Please ensure you have Pulumi and `kubectl` installed and configured for your GCP account.

```python
import pulumi
import pulumi_gcp as gcp
from pulumi_kubernetes import Provider, helm

# Step 1: Create a GKE cluster
cluster = gcp.container.Cluster("ai-workload-cluster",
    initial_node_count=3,
    min_master_version="latest",
    node_config={
        "machineType": "n1-standard-4",
        "oauth_scopes": [
            "https://www.googleapis.com/auth/compute",
            "https://www.googleapis.com/auth/devstorage.read_only",
            "https://www.googleapis.com/auth/logging.write",
            "https://www.googleapis.com/auth/monitoring"
        ],
    },
)

# Step 2: Set up the Kubernetes Provider for Pulumi using the generated Kubeconfig
kubeconfig = pulumi.Output.all(cluster.name, cluster.endpoint, cluster.master_auth).apply(
    lambda args: """apiVersion: v1
clusters:
- cluster:
    certificate-authority-data: {0}
    server: https://{1}
  name: gke_cluster
contexts:
- context:
    cluster: gke_cluster
    user: gke_cluster_user
  name: gke_cluster
current-context: gke_cluster
kind: Config
preferences: {{}}
users:
- name: gke_cluster_user
  user:
    auth-provider:
      config:
        cmd-args: config view --minify --flatten --output 'jsonpath={{{{.users[].name}}}}'
        cmd-path: gcloud
        expiry-key: '{{{{.credential.token_expiry}}}}'
        token-key: '{{{{.credential.access_token}}}}'
      name: gcp
""".format(args[2]["clusterCaCertificate"], args[1])
)

k8s_provider = Provider("gke-k8s", kubeconfig=kubeconfig)

# Step 3: Install Knative Serving using Helm chart
knative_chart = helm.v3.Chart("knative-serving",
    config=helm.v3.ChartOpts(
        chart="knative-serving",
        version="0.21.0",
        fetch_opts=helm.v3.FetchOpts(
            repo="https://knative.dev/charts",
        ),
    ),
    opts=pulumi.ResourceOptions(provider=k8s_provider)
)

# Step 4: Configure Knative Serving for Autoscaling
# Here you would deploy your Knative service and set autoscaling parameters 
# such as minScale, maxScale, target rate etc., depending on the workload characteristics.
# This step assumes that you have a Knative serving YAML ready for deployment.

# knative_serving_yaml = ... # Your Knative Serving resource definition, as a YAML or JSON string

# knative_serving = pulumi_kubernetes.yaml.ConfigGroup(
#     "knative-serving-config",
#     files=[knative_serving_yaml],
#     opts=pulumi.ResourceOptions(provider=k8s_provider),
# )

# Pulumi execution starts: Infrastructure and Knative will be deployed as defined above.
pulumi.export("kubeconfig", kubeconfig)
```

In the above program:

- **Step 1**: We create a GKE cluster with the necessary oauth scopes and machine type suitable for an AI workload.
- **Step 2**: We configure the Kubernetes provider in Pulumi with the kubeconfig of the created GKE cluster.
- **Step 3**: We install Knative Serving on the cluster using a Helm chart.
- **Step 4**: Here, you'd deploy your own Knative service. This is where you would set Knative autoscaling parameters, but since this depends on the specifics of your workload, it is not explicitly defined in the code.

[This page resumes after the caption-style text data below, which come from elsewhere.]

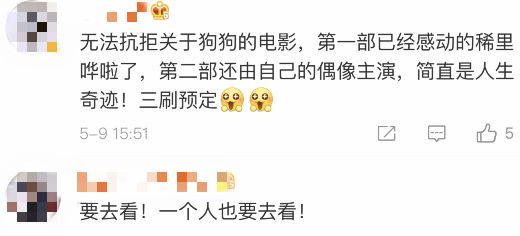 生生世世的陪伴送给爱狗的你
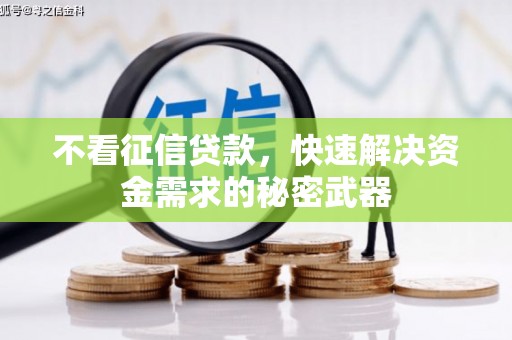 万宁不看征信贷款，快速解决资金需求的秘密武器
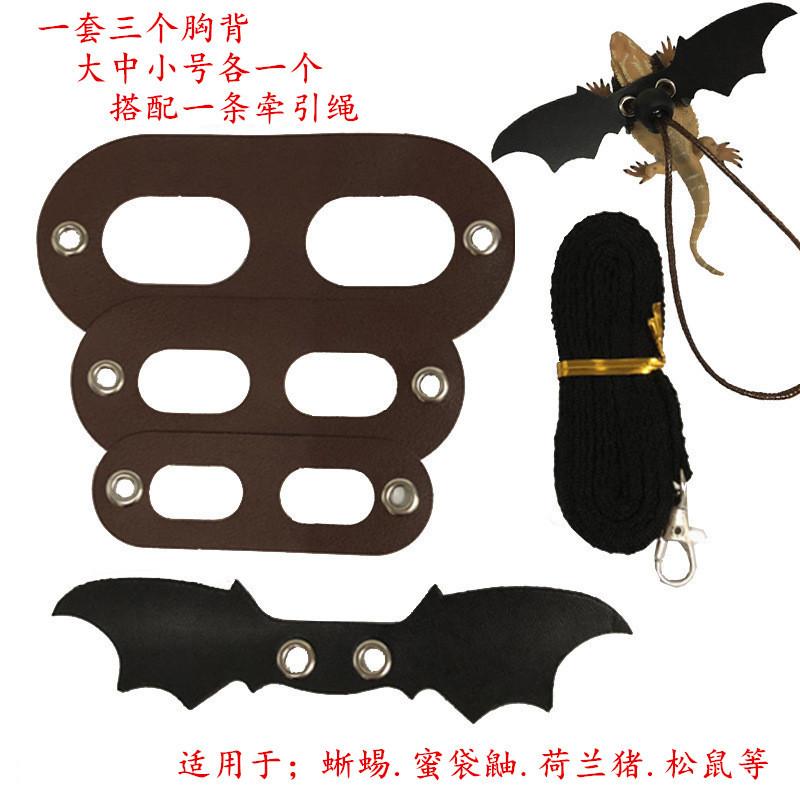 Product Introduction of 2025 Reptile Pet Lizard Leash with Wings Squirrel Harness Chinchilla Leash Green Gecko Lizard Guinea Pig Outdoor Leash 0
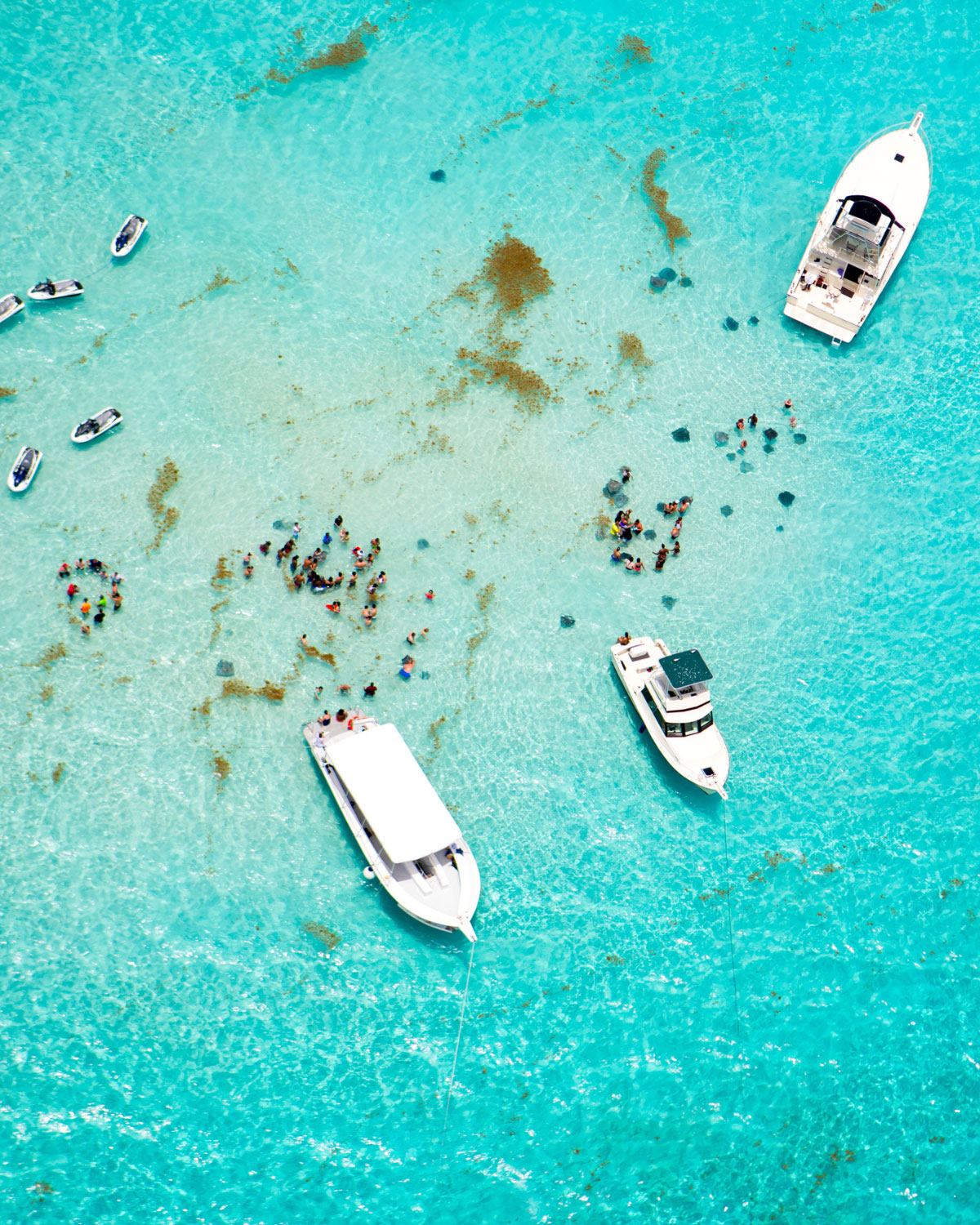 Stingray City, Grand Cayman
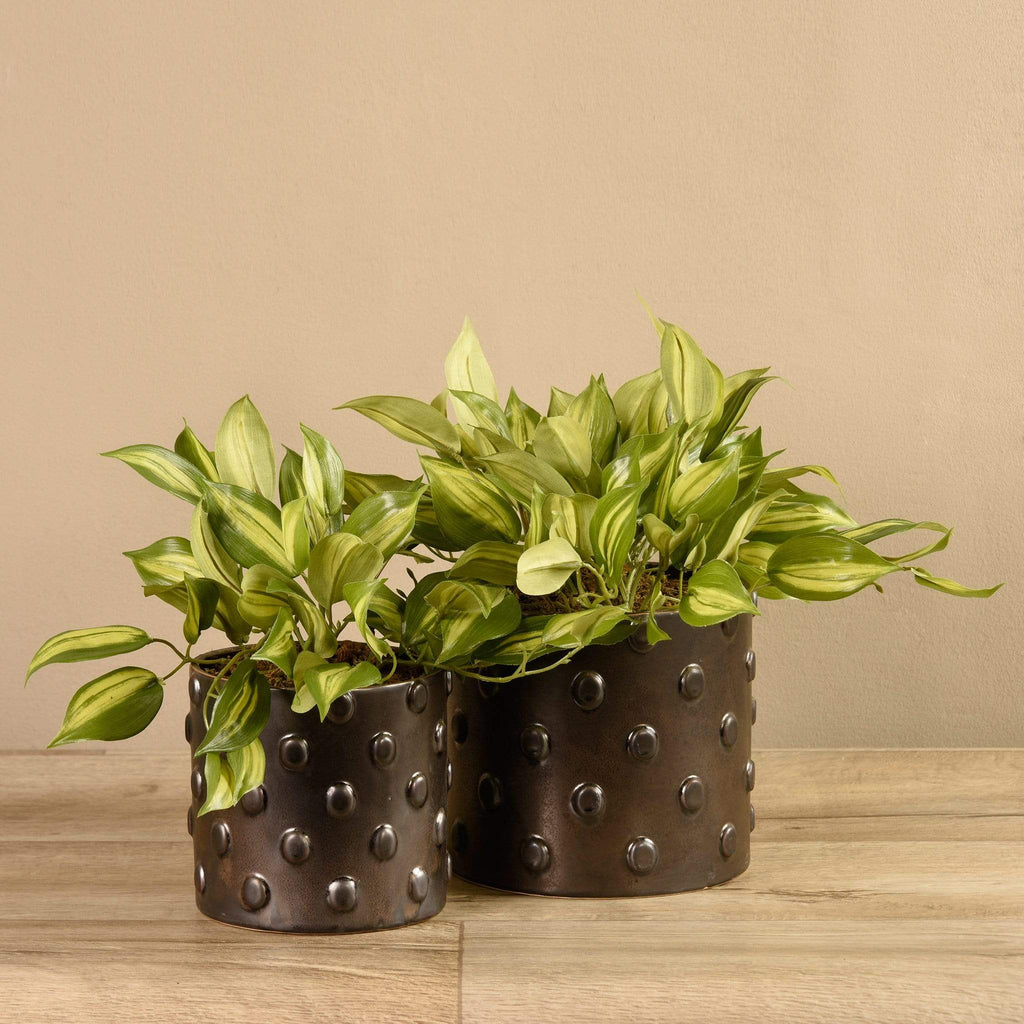 Potted Vanilla Leaf - Bloomr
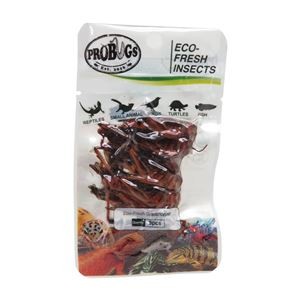 （まとめ）プロバグス グラスホッパー 爬虫類・両生類フード 【×5セット】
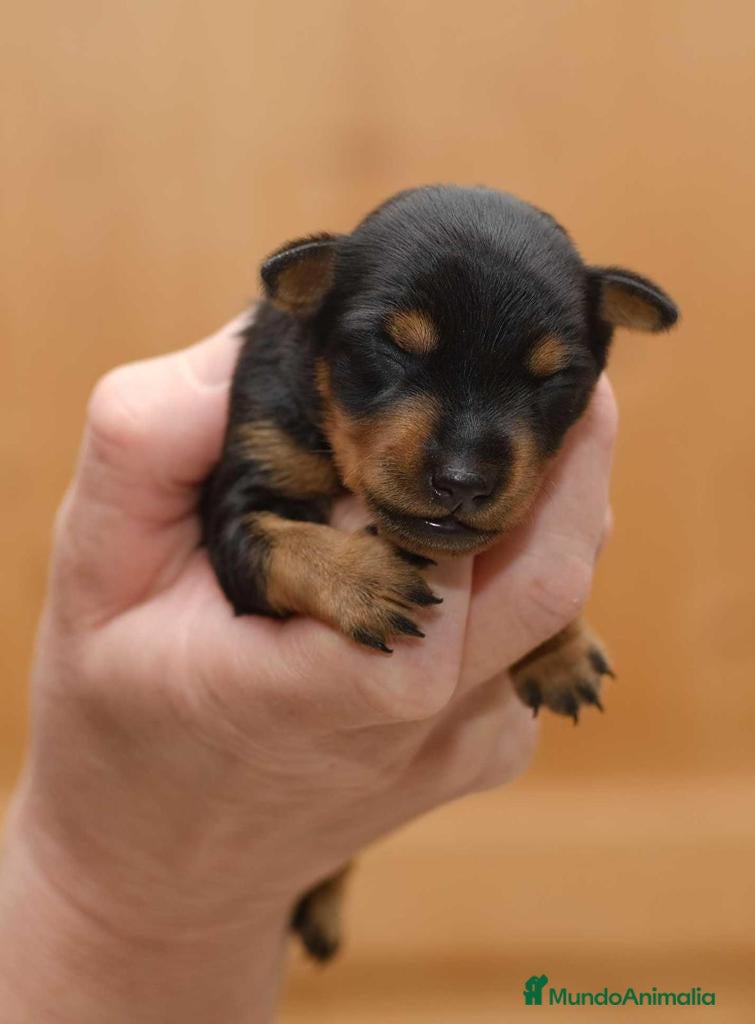 Pinscher Miniatura perros PINCHER MINIATURA //// DISPONIBLES   - Anuncio 2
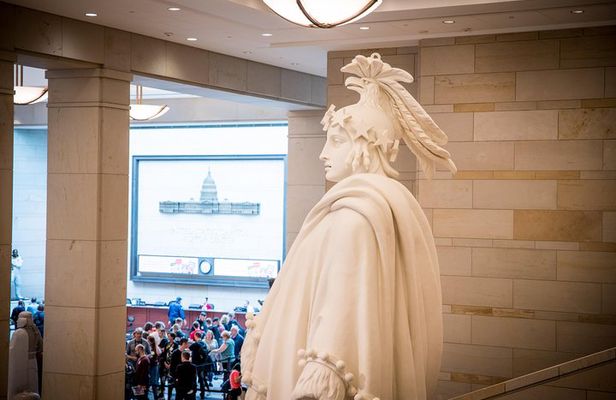 Capitol Hill: Capitol & Library of Congress Small-Group Tour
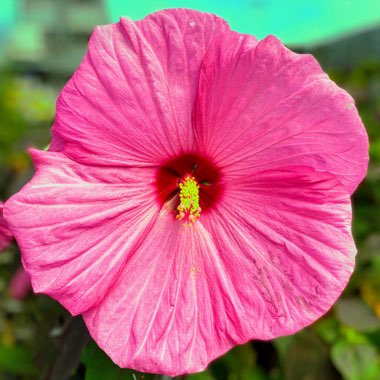 Hibiscus rosa-sinensis 'Celia'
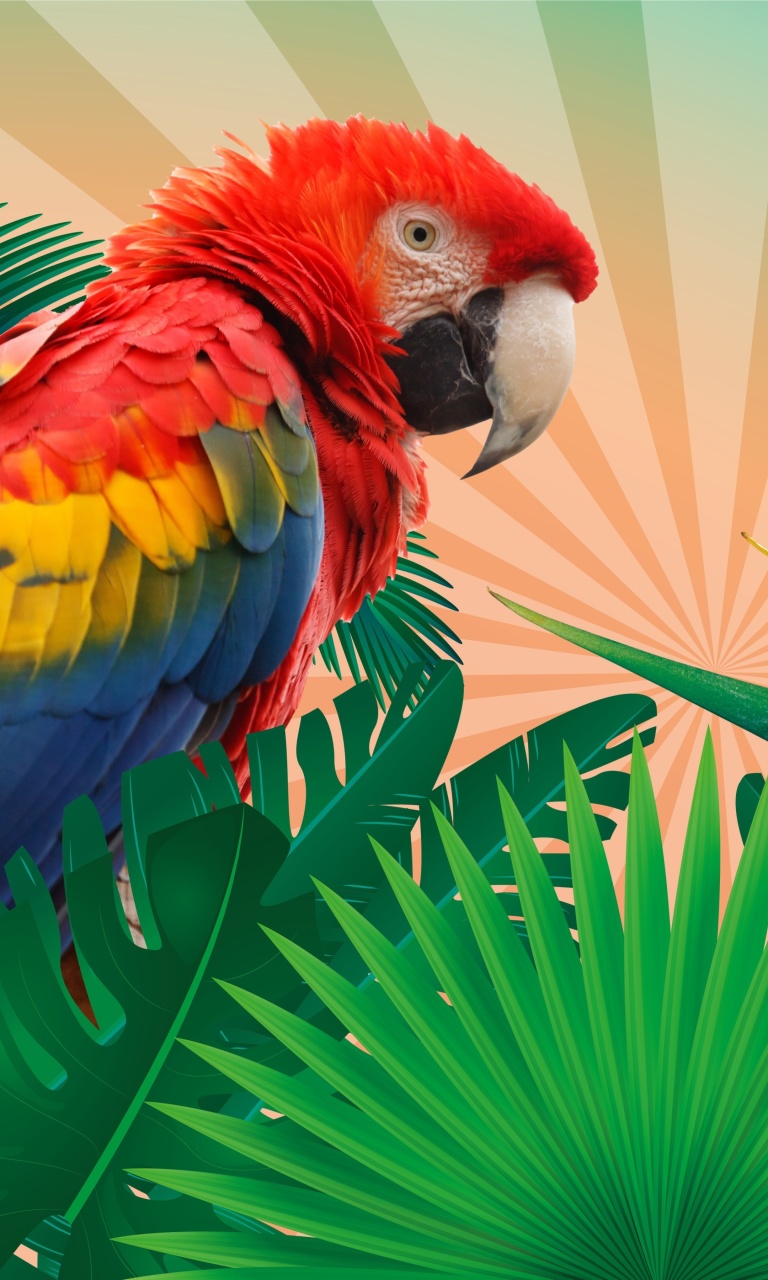 Обои Parrot Macaw Illustration 768x1280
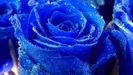 awesomenessqueen66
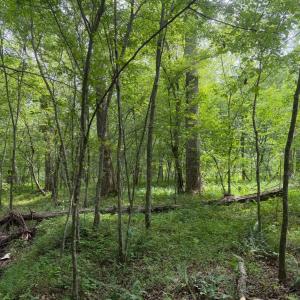 Photo #8 of 1 Sycamore Creek Road, Buckingham, VA 5.6 acres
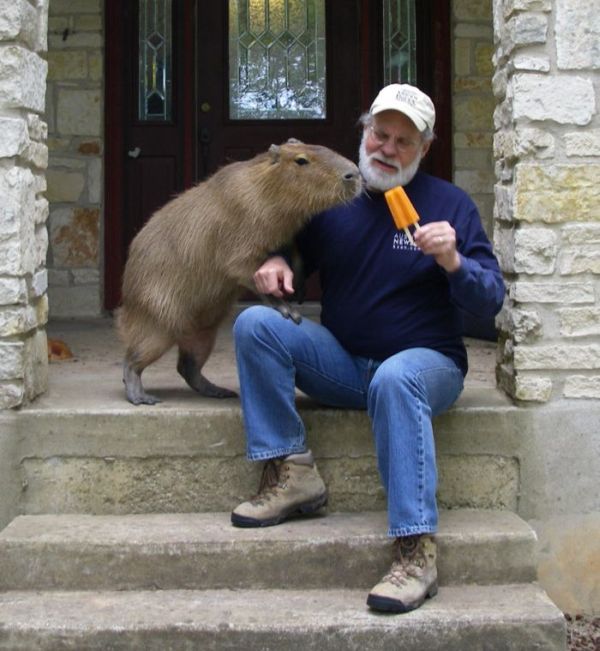 Die besten 100 Bilder in der Kategorie tiere: Riesen Ratte - Wombat?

Remember that before applying this configuration, you must have configured your Pulumi CLI for GCP and Kubernetes.

Once you deploy the Knative services that define your AI workloads, you can configure autoscaling properties such as `minScale`, `maxScale`, and the `target` concurrency for each service to ensure that they can automatically scale in real-time based on the workload's characteristics.

Knative Serving will watch the traffic flow in real-time and scale up or down the number of pods running your AI workload to adjust to the incoming request volume.

Please replace the `knative_serving_yaml` placeholder with your actual Knative service definitions to proceed with your use case.